Metric Traditional DB (Postgres/MySQL) Orbit Ledger (Standard) Orbit Ledger (Maximum)
Max Throughput ~2,000 - 5,000 ops/sec ~2,800,000 ops/sec ~4,500,000 ops/sec
Scale Factor 1x ~1000x ~2000x
Latency (p99) 10-50ms <1μs <1μs

Flow Comparison

❌ Traditional Database

sequenceDiagram
    participant T1 as Thread 1
    participant T2 as Thread 2
    participant DB as Database
    Note over T1, T2: Both update Account A
    T1->>DB: BEGIN TX & LOCK
    activate DB
    Note right of DB: ❌ Locked
    T2->>DB: BEGIN TX & LOCK
    Note right of T2: ❌  BLOCKED
    T1->>DB: UPDATE Balance
    T1->>DB: COMMIT
    deactivate DB
    Note right of DB: ✅ Released
    T2->>DB: Acquired Lock
    activate DB
    T2->>DB: UPDATE Balance
    T2->>DB: COMMIT
    deactivate DB
                            

✅ Orbit Ledger

sequenceDiagram
    participant T1 as Thread 1
    participant T2 as Thread 2
    participant RB as Orbit Engine
    participant DB as Database
    Note over T1, T2: Write to RAM
    T1->>RB: Credit $100
    T1-->>T1: ✅ Done (0 wait)
    T2->>RB: Debit $50
    T2-->>T2: ✅ Done (0 wait)
    Note over RB: Processing...
    RB->>RB: Memory +100
    RB->>RB: Memory -50
    Note over RB, DB: Batch Persist
    RB->>DB: ONE SAVE (+$50)
                            

DB Load Reduction (per 10,000 transactions)
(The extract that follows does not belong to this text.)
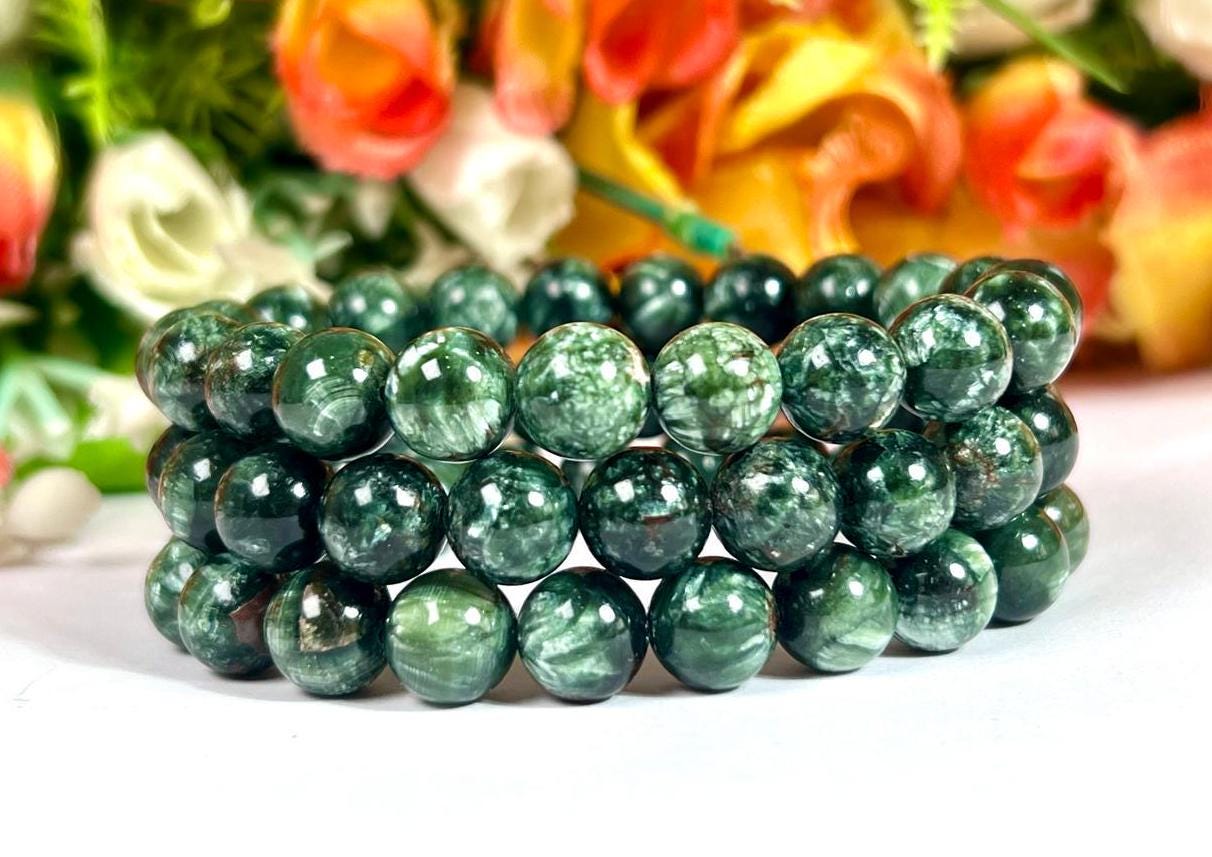 Seraphinite Clinochlore Stone Bracelet l Stretchable Bracelet l Unisex Bracelet l 8 MM Bracelet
Operation Traditional Orbit (threshold=1000) Reduction
SELECT FOR UPDATE 10,000 0 100%
UPDATE balance 10,000 10 (10 batches) 99.9%
INSERT history 10,000 10 (batch inserts) 99.9%
Total DB Calls 30,000 20 1500x fewer

💰 Cost Savings Example

E-commerce with 1M daily transactions

❌ Traditional Approach

  • 3M DB calls/day
  • 1M row locks/day
  • Requires: 8-core DB, connection pool 100+
  • DB CPU: 80%+ (under load)

✅ With Orbit Ledger

  • 2K DB calls/day (1500x fewer)
  • 0 row locks
  • Requires: 2-core DB, connection pool 10
  • DB CPU: <10%

🔧 Under the Hood

🗑️

Zero Garbage Collection

Events are pre-allocated in the Ring Buffer. We reuse the same objects millions of times. No new Object(), no GC pauses.

🧠

Smart Threading

Orbit adapts its wait strategy based on load. It uses Thread Yielding or Parking to minimize latency without needlessly burning 100% CPU when idle.